** Record excerpts follows **
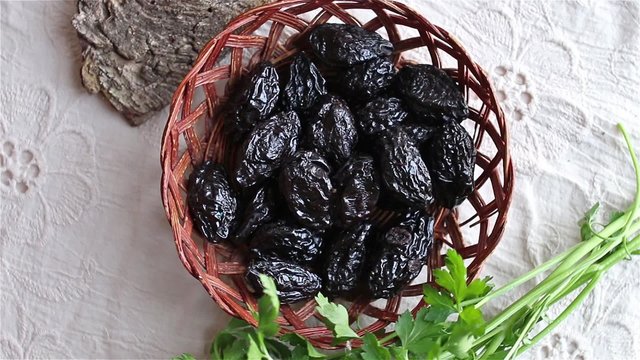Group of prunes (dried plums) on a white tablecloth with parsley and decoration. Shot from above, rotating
** End of Record excerpts **
** Record excerpts follows **
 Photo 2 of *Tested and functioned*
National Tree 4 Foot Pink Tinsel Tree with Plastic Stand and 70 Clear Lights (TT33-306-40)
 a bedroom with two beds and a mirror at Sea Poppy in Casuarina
** End of Record excerpts **
*Your instructions:*
The listing above holds a line with "National Tree 4" and a line with "a bedroom with". Print the stretch from the first through the second, exactly and alone.

*Task solution:*
National Tree 4 Foot Pink Tinsel Tree with Plastic Stand and 70 Clear Lights (TT33-306-40)
 a bedroom with two beds and a mirror at Sea Poppy in Casuarina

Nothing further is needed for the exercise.